▶ **Problem to solve**
Produce the records below again, word for word, but stop after the line that contains "Gurney’s Montauk Yacht Club Resort & Marina".

▶ **Records provided**
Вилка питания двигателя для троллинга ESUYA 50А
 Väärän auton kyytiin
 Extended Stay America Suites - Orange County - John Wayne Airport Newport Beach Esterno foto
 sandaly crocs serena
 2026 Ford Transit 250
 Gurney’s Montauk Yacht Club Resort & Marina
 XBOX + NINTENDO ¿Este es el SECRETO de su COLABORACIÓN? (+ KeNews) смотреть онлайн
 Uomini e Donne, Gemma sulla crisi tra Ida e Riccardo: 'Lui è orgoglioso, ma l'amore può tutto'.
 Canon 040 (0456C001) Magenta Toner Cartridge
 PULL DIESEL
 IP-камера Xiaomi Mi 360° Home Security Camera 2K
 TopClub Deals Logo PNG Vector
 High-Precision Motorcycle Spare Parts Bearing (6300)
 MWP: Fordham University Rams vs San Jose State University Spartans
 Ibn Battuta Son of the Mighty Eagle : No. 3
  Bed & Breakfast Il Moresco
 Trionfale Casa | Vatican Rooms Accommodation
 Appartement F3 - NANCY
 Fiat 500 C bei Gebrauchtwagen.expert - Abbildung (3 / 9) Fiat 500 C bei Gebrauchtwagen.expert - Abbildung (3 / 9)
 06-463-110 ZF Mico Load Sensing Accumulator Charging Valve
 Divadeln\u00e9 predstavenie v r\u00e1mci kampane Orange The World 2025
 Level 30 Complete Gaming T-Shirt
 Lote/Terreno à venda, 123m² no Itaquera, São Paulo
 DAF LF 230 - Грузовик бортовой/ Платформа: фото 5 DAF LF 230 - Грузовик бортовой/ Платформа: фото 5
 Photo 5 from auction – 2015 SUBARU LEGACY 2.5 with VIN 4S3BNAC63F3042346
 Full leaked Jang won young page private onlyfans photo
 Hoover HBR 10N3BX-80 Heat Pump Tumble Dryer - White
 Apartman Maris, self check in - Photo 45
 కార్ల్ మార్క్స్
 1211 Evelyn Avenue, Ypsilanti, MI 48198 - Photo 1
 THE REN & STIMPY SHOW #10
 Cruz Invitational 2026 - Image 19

▶ **Reply to the exercise**
Вилка питания двигателя для троллинга ESUYA 50А
 Väärän auton kyytiin
 Extended Stay America Suites - Orange County - John Wayne Airport Newport Beach Esterno foto
 sandaly crocs serena
 2026 Ford Transit 250
 Gurney’s Montauk Yacht Club Resort & Marina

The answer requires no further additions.